The New Testament is un- and anti-Jewish; Jewish Bible is not anti-Jewish
Amazing that the Holocaust was caused precisely by the excesses of Christian anti-Semitism? No, not for me. The New Testament is very un- and anti-Jewish. Anyone who puts the New Testament and the Jewish Bible side by side can immediately see that. And it is very sad to note that there are still Christians who deny that and even claim that the New Testament is not anti-Jewish, while according to them the Jewish Bible is much more anti-Jewish because in this the Jewish people are very harsh words as a sinful people are reported by the prophets and then punished by God. In doing so, these Christians not only indirectly deny the Christian involvement in the Holocaust (and other forms of Christian anti-Semitism) on the basis of the New Testament, but also misuse the Jewish Bible by assuming that the same God is spoken here as in the New Testament in which Jesus is presented as (Son of) God. In the Jewish Bible, however, it is about punishment in case the God of Israel is not served; in the New Testament it is suddenly required that Jews worship Jesus and consider him (Son of) God. That is from a Jewish perspective given something totally different. Anti-Jewish statements of Jesus, Paul and the like cannot be compared with statements of the prophets from the Jewish Bible in which Jews were threatened with punishment. Jews were NOT persecuted by Christians because they would not serve God, but because they did not accept Jesus as God. God, of course, does not punish his people for refusing to serve a false god (Jesus). Therefore, the New Testament can be considered an anti-Semitic book and the Jewish Bible cannot!

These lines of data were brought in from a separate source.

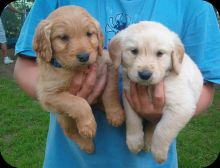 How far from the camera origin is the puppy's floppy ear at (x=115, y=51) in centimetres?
253

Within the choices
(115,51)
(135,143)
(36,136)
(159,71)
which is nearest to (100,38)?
(115,51)

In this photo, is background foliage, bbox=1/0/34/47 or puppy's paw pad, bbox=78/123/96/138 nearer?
puppy's paw pad, bbox=78/123/96/138

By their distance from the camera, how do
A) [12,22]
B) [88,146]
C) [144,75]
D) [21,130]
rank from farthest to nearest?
[12,22] < [21,130] < [88,146] < [144,75]

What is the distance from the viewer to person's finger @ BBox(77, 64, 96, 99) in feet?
8.52

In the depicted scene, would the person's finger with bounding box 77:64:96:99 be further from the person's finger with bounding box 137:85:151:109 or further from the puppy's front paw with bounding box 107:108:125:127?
the person's finger with bounding box 137:85:151:109

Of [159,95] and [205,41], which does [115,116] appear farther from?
[205,41]

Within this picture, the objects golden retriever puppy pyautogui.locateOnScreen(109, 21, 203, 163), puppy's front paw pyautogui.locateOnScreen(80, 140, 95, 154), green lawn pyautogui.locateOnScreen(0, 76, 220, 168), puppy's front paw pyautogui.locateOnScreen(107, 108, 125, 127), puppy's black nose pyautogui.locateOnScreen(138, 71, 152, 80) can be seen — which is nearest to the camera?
puppy's black nose pyautogui.locateOnScreen(138, 71, 152, 80)

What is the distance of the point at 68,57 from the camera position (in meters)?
2.53

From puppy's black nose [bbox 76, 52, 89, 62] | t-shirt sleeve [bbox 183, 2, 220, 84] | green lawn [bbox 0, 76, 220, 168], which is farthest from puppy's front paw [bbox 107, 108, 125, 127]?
green lawn [bbox 0, 76, 220, 168]

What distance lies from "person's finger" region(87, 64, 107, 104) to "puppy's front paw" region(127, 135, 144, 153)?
334mm

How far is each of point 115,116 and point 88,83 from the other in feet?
0.88

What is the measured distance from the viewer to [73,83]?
2.66 m

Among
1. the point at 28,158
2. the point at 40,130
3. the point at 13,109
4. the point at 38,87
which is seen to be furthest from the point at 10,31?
the point at 38,87

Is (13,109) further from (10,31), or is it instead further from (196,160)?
(10,31) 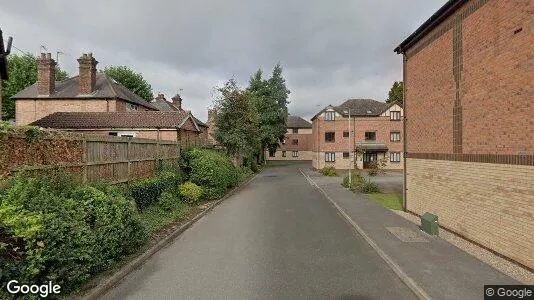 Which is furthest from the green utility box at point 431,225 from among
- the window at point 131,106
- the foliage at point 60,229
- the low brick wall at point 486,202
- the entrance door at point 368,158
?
the entrance door at point 368,158

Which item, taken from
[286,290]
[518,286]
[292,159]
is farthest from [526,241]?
[292,159]

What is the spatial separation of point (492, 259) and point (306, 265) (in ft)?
15.9

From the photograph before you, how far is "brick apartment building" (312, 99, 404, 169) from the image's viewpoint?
44.4 m

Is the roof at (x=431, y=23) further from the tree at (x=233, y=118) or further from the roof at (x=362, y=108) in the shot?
the roof at (x=362, y=108)

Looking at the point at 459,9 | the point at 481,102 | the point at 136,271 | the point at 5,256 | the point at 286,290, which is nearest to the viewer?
the point at 5,256

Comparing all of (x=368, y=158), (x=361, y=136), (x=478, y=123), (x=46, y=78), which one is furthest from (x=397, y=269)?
(x=368, y=158)

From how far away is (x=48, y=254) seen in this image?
5047 millimetres

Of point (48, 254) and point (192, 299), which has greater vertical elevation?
point (48, 254)

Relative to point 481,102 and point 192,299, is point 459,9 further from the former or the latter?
point 192,299

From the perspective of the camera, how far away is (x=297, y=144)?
80.2 metres

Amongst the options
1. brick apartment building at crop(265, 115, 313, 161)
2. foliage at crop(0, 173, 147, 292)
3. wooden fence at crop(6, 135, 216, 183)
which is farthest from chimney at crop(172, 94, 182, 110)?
foliage at crop(0, 173, 147, 292)

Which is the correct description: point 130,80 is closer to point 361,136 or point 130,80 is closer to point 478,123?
point 361,136

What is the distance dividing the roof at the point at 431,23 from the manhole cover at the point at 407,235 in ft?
25.6

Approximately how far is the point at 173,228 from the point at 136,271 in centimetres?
383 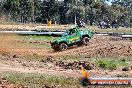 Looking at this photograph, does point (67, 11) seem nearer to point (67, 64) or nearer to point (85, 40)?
point (85, 40)

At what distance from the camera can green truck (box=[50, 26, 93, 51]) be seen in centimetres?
2538

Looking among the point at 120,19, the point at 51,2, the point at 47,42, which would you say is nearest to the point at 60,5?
the point at 51,2

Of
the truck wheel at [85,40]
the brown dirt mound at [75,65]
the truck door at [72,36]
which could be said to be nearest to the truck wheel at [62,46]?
the truck door at [72,36]

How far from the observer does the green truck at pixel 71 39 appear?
83.3 ft

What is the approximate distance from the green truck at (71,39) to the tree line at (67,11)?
6684 cm

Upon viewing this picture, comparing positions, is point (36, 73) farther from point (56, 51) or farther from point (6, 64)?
point (56, 51)

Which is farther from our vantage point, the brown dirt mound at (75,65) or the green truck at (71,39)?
the green truck at (71,39)

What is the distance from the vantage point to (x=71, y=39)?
25656mm

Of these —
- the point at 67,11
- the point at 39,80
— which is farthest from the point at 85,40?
the point at 67,11

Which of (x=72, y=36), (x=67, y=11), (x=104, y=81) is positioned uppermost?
(x=104, y=81)

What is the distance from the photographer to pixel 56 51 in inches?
998

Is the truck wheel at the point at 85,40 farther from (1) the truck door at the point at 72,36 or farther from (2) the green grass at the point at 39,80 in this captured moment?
(2) the green grass at the point at 39,80

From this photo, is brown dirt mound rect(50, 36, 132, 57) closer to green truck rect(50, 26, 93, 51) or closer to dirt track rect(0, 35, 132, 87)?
dirt track rect(0, 35, 132, 87)

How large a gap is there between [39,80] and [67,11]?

NB The Christians I am referring to in this article will of course say that Jesus is the same as the God of Israel. They adopt an ambivalent attitude in this regard. On the one hand they recognize the Jewish people as chosen, on the other hand they DO NOT accept the Jewish explanation about God that excludes Jesus and the Holy Spirit. They embrace with a lot of fuss the Messianic Jews who do accept Jesus and the Holy Spirit or the Trinity. The striking thing about these Christians is that they always seek confrontation with the rest of the Jewish people who do not accept Jesus. Based on false theology, they think they have to save these Jews and think they have been chosen to do this important work. That is a huge mistake that many Christians have made for centuries and that ultimately leads to a huge amount of hatred for becoming frustrated. God is not waiting for outsiders to interfere with the relationship between Him and the Jewish people. God has obligated the Jews to listen only to Him. God leads His people and Gentiles have no influence on that.